One journalistic bastion was notably absent from the global front page interest in the Panama Papers. The New York Times was comparatively slow coming to the party and buried its first coverage of the story on page 3 of Monday’s paper. Public Editor Margaret Sullivan, in her blog, noted that some Times readers expressed surprise and even anger that the Paper of Record seemed intent on underplaying what obviously is a major story. The Times does not participate in ICIJ, though it has published investigative stories from other journalism collectives (and collaborated with the Guardian on the release of the Snowden data). Even more reason to think the Times misjudged the importance of the story. “The Times is still the greatest paper in the world,” Auletta said. “But it didn’t deserve to be on page 3.”

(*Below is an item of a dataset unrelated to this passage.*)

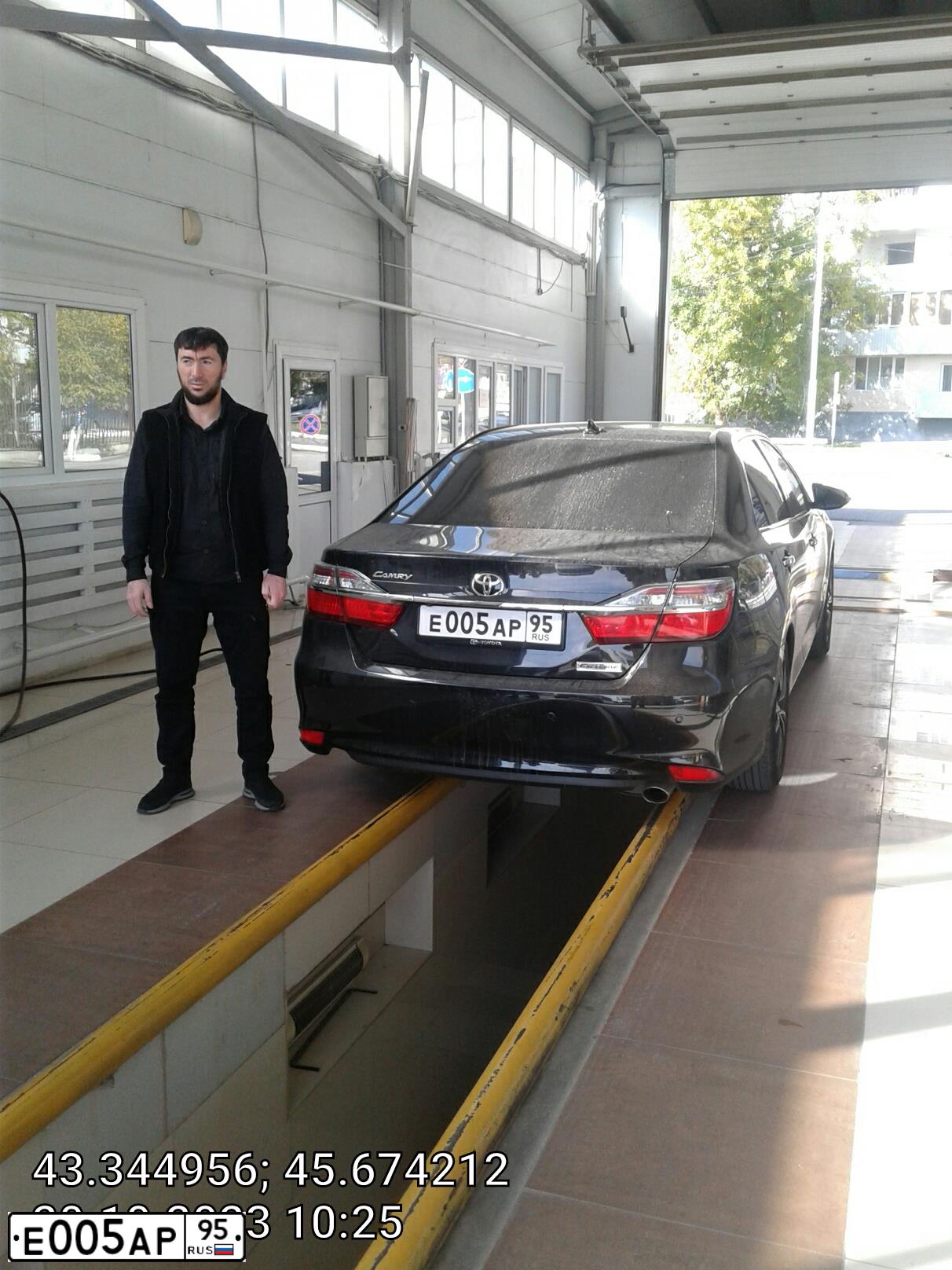 Фото автомобиля TOYOTA CAMRY, 2017 — госномер Е005АР95. Цвет: ЧЕРНЫЙ МЕТАЛЛИК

ICIJ was in touch with the Times about the original Sunday story. “It’s so depressing that they couldn’t bring themselves to give space to someone else,” he said. Knowing that there is no more competitive place on Earth than the Eighth Avenue newsroom of The New York Times, I reminded Kovach of Harry Truman’s dictum: “It is amazing what you can accomplish if you do not care who gets the credit. ”“The Times insisted they had to do their own verification of the documents,” Kovach said. I heard him laughing on the line. Laughing quite heartily, in fact, until he stopped. “But having made that decision not to recognize it when it appeared, to underplay the story?” he said. “I was really disappointed.”